When I first started to understand that my pain was going to
be an ongoing and somewhat debilitating problem, I had to do a lot of emotional
gymnastics to learn to cope. I am
naturally rather pessimistic, so the road has been long, challenging, and
mostly depressing. But I have
gleaned a couple of nuggets of wisdom out of the last few years, one of which
is that when energy is scarce, it’s ok to do less so that I can have a fuller
experience in the few things I do.
As I thought about the fatigue, discouragement and lethargy
that plagued me, I realized that physical and emotional energy were probably
going to be scarce commodities in my life for years to come, and that I needed
to figure out how to use them wisely.
Once I came to this conclusion, it was time to consider how I spent my
time and energy and to begin to prioritize.
Some things are necessary. I need to eat.

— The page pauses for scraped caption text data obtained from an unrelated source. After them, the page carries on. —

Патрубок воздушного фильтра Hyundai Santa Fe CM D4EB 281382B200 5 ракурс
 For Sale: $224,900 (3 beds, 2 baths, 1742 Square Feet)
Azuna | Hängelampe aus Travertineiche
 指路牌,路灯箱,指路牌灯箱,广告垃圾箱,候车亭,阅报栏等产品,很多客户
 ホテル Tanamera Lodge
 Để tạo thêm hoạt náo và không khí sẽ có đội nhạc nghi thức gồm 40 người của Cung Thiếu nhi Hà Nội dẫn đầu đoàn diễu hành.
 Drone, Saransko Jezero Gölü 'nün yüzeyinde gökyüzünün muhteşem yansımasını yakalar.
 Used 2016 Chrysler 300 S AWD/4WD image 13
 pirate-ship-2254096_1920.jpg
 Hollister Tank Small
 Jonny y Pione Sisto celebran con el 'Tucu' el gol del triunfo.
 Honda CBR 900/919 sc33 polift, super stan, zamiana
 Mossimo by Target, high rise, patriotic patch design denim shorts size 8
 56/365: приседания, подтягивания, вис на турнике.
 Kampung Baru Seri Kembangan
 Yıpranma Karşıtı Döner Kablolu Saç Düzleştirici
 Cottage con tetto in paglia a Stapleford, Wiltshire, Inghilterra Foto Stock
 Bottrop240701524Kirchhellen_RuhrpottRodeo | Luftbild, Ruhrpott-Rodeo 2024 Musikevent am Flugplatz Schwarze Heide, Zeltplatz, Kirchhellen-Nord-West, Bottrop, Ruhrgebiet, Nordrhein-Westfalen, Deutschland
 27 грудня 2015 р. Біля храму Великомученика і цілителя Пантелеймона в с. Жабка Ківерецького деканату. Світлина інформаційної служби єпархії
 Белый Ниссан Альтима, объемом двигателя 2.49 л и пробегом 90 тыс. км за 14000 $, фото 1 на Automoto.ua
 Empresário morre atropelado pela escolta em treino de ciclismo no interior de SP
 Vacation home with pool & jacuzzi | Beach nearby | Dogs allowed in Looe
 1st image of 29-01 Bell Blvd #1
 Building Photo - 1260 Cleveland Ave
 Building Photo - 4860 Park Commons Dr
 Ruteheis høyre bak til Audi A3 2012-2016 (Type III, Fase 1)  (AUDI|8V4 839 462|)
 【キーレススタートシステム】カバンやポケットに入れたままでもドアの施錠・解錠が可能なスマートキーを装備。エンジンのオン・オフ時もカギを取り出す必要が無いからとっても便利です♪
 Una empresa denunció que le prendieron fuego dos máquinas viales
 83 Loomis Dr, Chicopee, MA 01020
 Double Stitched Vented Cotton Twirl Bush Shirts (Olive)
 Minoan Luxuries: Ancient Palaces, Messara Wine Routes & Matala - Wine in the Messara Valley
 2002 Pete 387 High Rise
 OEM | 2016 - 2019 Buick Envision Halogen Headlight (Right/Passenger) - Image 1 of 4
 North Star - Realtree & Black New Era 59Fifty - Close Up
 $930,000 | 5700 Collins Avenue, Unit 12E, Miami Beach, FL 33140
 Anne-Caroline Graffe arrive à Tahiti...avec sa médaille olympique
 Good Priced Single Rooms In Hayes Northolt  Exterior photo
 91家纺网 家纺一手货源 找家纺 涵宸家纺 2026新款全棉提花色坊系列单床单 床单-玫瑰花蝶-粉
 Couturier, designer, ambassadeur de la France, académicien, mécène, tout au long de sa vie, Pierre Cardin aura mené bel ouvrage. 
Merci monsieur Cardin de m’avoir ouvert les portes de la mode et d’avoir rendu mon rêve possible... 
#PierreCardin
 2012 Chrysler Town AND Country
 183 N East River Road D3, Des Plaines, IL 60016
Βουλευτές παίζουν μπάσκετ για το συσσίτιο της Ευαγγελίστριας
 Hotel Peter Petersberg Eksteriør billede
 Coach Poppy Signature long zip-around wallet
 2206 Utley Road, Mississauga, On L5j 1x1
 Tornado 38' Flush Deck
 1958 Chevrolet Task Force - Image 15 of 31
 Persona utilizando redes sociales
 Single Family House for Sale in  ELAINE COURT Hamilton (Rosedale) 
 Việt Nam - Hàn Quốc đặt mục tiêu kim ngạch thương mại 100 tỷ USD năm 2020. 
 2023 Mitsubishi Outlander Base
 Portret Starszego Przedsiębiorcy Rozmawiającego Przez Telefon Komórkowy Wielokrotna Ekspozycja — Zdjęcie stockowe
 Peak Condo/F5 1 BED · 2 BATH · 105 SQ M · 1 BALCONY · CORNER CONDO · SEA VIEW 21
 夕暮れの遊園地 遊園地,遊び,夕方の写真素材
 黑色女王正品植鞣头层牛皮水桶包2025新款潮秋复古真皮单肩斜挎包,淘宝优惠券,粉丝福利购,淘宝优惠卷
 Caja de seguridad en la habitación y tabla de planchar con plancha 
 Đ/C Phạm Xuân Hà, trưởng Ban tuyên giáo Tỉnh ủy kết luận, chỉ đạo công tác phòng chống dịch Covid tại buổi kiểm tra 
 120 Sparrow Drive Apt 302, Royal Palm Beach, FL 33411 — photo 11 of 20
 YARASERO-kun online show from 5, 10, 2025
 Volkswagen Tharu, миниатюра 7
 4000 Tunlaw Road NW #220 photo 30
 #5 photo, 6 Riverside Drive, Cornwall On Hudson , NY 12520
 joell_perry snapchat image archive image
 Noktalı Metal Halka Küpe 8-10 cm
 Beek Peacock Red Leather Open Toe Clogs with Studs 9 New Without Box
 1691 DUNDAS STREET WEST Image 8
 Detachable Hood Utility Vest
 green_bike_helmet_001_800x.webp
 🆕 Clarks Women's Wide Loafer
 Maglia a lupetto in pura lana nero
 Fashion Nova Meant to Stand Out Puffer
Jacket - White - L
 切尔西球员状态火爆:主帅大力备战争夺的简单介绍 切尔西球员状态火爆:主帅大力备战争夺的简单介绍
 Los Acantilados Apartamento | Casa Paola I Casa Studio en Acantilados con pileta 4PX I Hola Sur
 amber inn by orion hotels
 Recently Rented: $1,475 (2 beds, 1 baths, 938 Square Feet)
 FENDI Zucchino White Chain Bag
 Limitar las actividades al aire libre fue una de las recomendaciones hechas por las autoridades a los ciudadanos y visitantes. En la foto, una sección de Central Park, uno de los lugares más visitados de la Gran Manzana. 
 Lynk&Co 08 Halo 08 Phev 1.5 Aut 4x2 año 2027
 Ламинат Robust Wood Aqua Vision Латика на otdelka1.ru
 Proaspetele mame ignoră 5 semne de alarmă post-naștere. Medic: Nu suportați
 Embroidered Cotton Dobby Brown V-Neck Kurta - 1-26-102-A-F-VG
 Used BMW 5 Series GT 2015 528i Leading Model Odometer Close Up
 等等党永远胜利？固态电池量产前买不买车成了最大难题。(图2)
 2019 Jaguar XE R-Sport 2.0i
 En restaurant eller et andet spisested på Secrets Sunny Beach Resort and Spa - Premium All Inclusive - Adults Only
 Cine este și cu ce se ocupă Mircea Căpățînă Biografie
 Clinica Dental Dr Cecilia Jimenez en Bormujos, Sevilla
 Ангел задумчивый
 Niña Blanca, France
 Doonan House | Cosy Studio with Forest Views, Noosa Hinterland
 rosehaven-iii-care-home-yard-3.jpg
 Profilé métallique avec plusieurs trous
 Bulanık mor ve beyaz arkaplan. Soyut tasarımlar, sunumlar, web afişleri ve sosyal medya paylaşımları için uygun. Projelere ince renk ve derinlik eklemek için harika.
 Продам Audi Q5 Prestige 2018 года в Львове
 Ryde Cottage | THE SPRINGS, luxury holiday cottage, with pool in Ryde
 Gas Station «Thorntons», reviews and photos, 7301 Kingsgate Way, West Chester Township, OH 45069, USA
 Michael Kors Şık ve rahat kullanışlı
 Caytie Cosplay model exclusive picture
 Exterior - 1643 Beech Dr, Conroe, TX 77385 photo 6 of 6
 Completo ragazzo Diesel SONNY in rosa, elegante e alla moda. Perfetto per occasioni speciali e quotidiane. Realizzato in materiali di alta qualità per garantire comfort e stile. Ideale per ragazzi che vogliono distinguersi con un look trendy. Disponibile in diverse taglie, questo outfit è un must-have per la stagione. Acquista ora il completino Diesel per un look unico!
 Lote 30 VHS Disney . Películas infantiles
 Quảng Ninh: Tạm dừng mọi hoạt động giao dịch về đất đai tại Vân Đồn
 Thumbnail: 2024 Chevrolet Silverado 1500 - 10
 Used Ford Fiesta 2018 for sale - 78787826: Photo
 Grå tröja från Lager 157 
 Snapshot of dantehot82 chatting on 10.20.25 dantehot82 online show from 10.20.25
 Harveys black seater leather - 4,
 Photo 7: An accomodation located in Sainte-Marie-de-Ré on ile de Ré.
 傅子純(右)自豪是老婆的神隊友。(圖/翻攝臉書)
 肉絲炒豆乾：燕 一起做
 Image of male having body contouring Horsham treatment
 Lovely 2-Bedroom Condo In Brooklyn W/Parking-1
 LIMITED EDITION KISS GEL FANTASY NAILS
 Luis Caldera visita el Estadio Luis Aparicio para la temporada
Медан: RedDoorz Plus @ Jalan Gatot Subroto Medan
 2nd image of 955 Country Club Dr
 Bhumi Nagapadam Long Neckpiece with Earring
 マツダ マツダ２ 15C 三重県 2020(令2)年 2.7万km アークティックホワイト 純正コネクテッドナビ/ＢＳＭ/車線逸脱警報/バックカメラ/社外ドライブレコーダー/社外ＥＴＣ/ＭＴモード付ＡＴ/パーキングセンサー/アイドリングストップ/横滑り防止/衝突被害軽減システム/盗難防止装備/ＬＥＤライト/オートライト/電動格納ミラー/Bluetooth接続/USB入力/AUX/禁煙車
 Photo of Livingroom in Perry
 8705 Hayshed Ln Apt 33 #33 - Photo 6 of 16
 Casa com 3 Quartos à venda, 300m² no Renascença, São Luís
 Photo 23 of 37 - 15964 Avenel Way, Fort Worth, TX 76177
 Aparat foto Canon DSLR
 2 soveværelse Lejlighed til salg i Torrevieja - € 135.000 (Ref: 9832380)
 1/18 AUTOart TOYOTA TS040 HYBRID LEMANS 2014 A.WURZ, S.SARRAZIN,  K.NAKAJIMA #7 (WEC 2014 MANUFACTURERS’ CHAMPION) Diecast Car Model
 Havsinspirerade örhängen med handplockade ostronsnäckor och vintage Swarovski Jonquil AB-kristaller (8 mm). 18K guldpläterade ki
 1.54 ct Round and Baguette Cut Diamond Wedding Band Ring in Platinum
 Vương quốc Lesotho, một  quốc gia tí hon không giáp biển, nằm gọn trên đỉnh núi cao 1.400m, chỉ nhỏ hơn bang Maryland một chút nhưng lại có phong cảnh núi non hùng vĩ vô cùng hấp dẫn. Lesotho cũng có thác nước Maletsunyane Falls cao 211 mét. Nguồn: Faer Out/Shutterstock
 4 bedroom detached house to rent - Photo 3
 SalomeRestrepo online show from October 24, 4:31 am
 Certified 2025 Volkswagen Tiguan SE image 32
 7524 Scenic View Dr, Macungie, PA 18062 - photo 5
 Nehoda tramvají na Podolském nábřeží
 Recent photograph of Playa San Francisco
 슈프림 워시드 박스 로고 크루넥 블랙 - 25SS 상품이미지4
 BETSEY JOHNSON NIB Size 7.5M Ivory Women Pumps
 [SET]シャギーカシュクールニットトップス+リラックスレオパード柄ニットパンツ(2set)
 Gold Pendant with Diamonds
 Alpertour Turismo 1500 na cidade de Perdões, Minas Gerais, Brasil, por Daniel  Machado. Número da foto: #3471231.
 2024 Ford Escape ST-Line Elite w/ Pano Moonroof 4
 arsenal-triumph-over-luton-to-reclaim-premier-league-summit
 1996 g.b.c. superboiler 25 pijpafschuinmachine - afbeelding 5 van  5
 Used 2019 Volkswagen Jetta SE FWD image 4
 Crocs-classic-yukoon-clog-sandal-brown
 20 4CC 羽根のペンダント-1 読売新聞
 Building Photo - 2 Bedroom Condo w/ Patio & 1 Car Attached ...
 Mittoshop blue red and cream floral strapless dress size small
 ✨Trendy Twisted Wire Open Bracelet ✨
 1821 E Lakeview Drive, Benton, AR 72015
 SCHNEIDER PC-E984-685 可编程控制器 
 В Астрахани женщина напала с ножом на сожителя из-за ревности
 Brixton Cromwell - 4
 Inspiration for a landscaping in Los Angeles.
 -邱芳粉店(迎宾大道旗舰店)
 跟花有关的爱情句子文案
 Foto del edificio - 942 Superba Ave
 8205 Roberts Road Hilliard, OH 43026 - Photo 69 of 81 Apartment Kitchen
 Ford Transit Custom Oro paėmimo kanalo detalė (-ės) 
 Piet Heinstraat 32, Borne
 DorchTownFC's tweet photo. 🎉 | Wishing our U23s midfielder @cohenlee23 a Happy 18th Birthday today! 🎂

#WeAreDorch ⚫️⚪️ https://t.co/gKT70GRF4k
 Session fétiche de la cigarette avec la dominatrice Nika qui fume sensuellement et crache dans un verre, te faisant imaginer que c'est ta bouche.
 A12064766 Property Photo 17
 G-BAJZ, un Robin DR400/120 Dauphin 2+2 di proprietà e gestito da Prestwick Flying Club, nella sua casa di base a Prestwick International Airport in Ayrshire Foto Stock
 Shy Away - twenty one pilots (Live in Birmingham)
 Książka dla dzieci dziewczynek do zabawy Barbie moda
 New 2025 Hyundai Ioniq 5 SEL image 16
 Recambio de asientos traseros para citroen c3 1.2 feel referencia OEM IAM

I need to rest. I’m in good
enough shape to work, so I need a job.
At the end of the day, how much energy do I have left for housework,
cooking, or socializing? On
weekends what kinds of activities are essential, and which ones should I pass
up? When is it ok to turn down
invitations? When is it better to
push myself through pain to enjoy a party? When should I ask for help with simple things? How can I change the way I do necessary tasks so that they
don’t wear me out so much?
Clearly the answers to these questions change from week to
week, month to month, so my goal isn’t really to have solid answers to each
one. Mostly, it’s been important
for me to know that it’s ok to ask them.
Here’s a cursory list of some things I’ve come up with to
help me live within my limitations:
·
I cook large quantities of food that can be
frozen in small batches so that I’ll have something to eat on days when I don’t
have energy to cook.
·
I get plenty of sleep and guard my sleep time
like it’s my firstborn. (That’s
why I often turn down invitations that involve hanging out starting after 8pm.)
·
When making social plans, I think through the
kind of time and physical discomfort I might be committing to. A one-hour hike is doable. A day at a carnival is probably out of
the question.
·
I try to disperse household tasks throughout the
week so that I don’t provoke too much pain while cleaning. This also helps to make the upkeep of
my tiny apartment a less daunting burden.
·
I also live in a small apartment, so that
there’s less space to keep clean.
·
Sometimes, I ask for help with simple
things. Once in a while a friend
will fix food for me or help me clean my house. This kills two birds with one stone, since I get to
socialize as well.
·
There are definitely times when I opt for the
more painful activities because I know they’re important. Sometimes you just have to bite the
bullet and go to a wedding, or a birthday party, or spend a day at a museum
because you know it’s important to your friend, and you’ll regret not having
gone. Sure it’ll be painful while
it lasts, but most of the time it’s not the pain you remember in the years to
come.
As I pay attention to these kinds of things, I find I can
manage my activities in a way that enables me to live within the limitations
that chronic pain sets on me as well as getting more enjoyment out of what I
spend my time and energy doing.
It’s still a learning process, and will probably continue to
evolve.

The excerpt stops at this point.